■ Prompt ■
Some of the lines below need repeating. Reproduce exactly those between the lines holding "#euston #kingscross #christmas2023" and "Used 2023 Chevrolet", inclusive.

-.-.-

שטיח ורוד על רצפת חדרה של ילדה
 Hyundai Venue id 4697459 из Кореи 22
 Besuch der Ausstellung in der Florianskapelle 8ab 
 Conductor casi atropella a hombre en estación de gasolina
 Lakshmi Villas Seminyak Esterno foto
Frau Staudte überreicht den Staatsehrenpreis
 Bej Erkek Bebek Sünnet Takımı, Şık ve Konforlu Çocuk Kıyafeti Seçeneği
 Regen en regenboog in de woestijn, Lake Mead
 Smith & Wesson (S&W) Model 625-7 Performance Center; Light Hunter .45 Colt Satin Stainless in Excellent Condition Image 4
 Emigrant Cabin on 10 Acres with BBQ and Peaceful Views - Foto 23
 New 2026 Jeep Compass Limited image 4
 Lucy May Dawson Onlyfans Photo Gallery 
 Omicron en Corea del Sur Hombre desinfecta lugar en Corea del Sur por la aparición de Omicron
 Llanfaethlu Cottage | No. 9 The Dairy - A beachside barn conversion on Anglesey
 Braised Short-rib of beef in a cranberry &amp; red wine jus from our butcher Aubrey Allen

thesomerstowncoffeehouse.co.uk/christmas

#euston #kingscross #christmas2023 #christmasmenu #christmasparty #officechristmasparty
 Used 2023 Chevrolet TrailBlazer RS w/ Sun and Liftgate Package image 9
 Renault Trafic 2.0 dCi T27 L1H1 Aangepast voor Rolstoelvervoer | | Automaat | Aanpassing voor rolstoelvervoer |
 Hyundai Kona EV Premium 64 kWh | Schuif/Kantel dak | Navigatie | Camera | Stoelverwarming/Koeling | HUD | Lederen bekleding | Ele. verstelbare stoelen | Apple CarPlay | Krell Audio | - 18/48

-.-.-

■ Solution to this exercise ■
#euston #kingscross #christmas2023 #christmasmenu #christmasparty #officechristmasparty
 Used 2023 Chevrolet TrailBlazer RS w/ Sun and Liftgate Package image 9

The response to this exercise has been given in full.